TOD will start soon in Burien
By MARC STILES, Daily Journal of Commerce Staff Reporter
After years of false starts, a transit-oriented development will start construction next month in downtown Burien.
Meanwhile, city officials think the stalled private portion of Burien Town Square may be back on track in the coming weeks thanks to an infusion from private equity investors, including Starwood Capital. That condo-retail project has been on hold since last fall when federal regulators shut down the construction lender, Chicago-based Corus Bank.
“We hope this period of paralysis is over,” said Burien Economic Development Manager Dick Loman.
Loman said an announcement from Los Angeles-based Urban Partners — developer of the 124 condos and retail space — could be made in the next couple of weeks. The Federal Deposit Insurance Corp. partnered with a group called ST Residential to take over this and other projects Corus had been involved in. Starwood is among the investors in ST Residential.
Urban Partners did not return calls for comment.
The transit-oriented development is a public-private partnership between King County Metro and a joint venture of two California companies: Alliance Property Group of Los Angeles and Wasatch Advantage Group LLC of Mission Viejo. The JV was selected through a competition.
First up for the JV is construction of a $20.5 million, 466-stall garage. The goal is to expand parking for the transit center, which is served by numerous Metro bus routes as well as a Sound Transit Express route. An apartment building with some retail is also part of the development, but the JV and Metro mutually agreed to put the apartments on hold due to the recession, a county official said.
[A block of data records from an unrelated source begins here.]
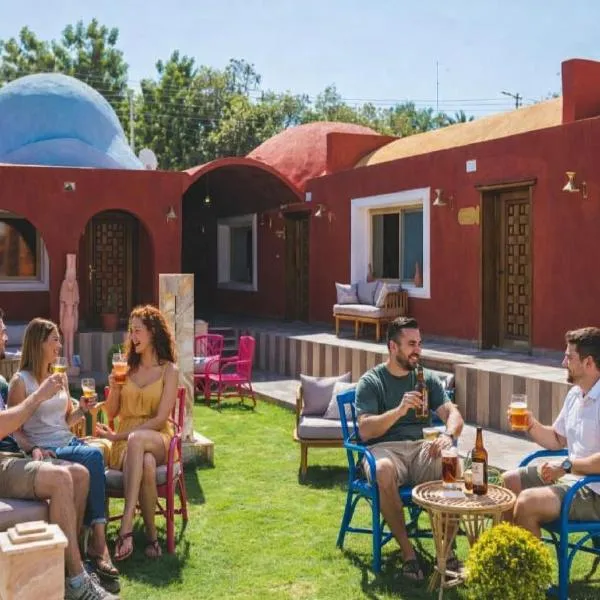 Tuya Abu Simbel Hotel，位于阿布辛贝的酒店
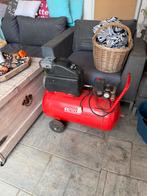 Compressor roda, 100 liter of meer, Ophalen of Verzenden, Zo goed als nieuw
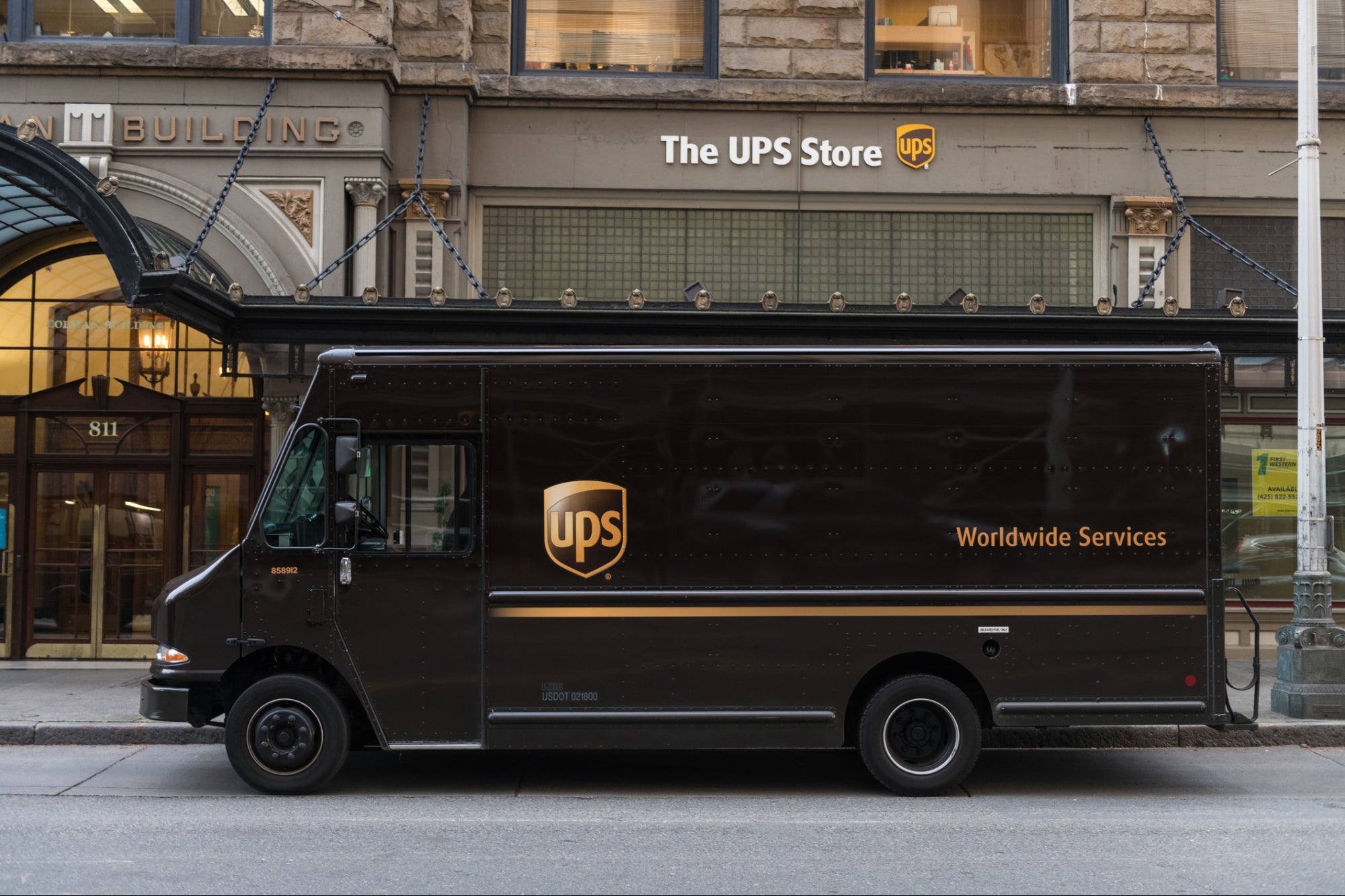 The UPS Store Franchise is Ranked #1 in its Category by Entrepreneur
While not a city project, Metro's transit-oriented development is a key part of the city's urban redevelopment plan, Loman said. Housing is badly needed for teachers, police officers and retirees who no longer drive “but need to be in the middle of things.”
He said another bonus is well paying, though temporary, construction jobs. “The dynamics of this thing and the timing are excellent,” Loman said.
Alliance Property Group President Danielle Curls Bennett said Watry Design is the garage architect, and Charles Pankow Builders is the general contractor.
Metro and Alliance will sign an exclusive agreement that will let the company negotiate a development deal for the apartment-retail project, according to Andrew Glass-Hastings of the county Department of Transportation. He said the project will have at least 80 apartments, including 24 affordable units, and 4,000 square feet of retail. As the parties wait for the housing market to rebound, Alliance must pay the county $5,000 a month to hold the development rights.
The garage is expected to be done in early 2012, according to Glass-Hastings. Bennett hopes to start construction on the apartment/retail building when the garage is done.
“I think perhaps that is a little aggressive,” she said, but “it wouldn't be unheard of to start conceptual work” in 2011 or 2012. Bennett said she and her partners are putting together a design and construction team for the mixed-use building.
Financing in place
The TOD project has been in the works for several years. Initially, it was included in the 2007 roads and transit measure that voters rejected. A year later voters approved the Sound Transit 2 measure, which has $14.7 million for the project. The county also obtained a federal grant for the project.
Technically, there's no public money for construction of the garage, and Alliance-Wasatch got a loan from Wells Fargo. The lender, however, has some assurance that Sound Transit and the federal government ultimately will back the cost of the development.
Once the garage is done, the county will use Sound Transit and federal money to buy it back for the already negotiated price of just over $20.5 million, Glass-Hastings said. The county will operate the garage.
Alliance-Wasatch has done similar projects. Bennett said the return on these projects is typically 5 percent to 10 percent. The risk for the developer is that costs could exceed the guaranteed buy-back price that the JV negotiated with the county, she said.
Bennett said her company learned about the project when it was considering a hotel/conference center on a piece of city-owned property in Burien. After the recession halted that project, the deal with the county came up. Bennett said Alliance-Wasatch has done various public-private projects with affordable housing in them.
“[The Burien project] seemed to be a perfect fit for what we brought to the table,” she said.
Bennett said Wasatch Advantage Group is an affiliate of Utah-based Wasatch Development Associates, which owns a large block in downtown Bellevue where it developed two condo towers called Washington Square.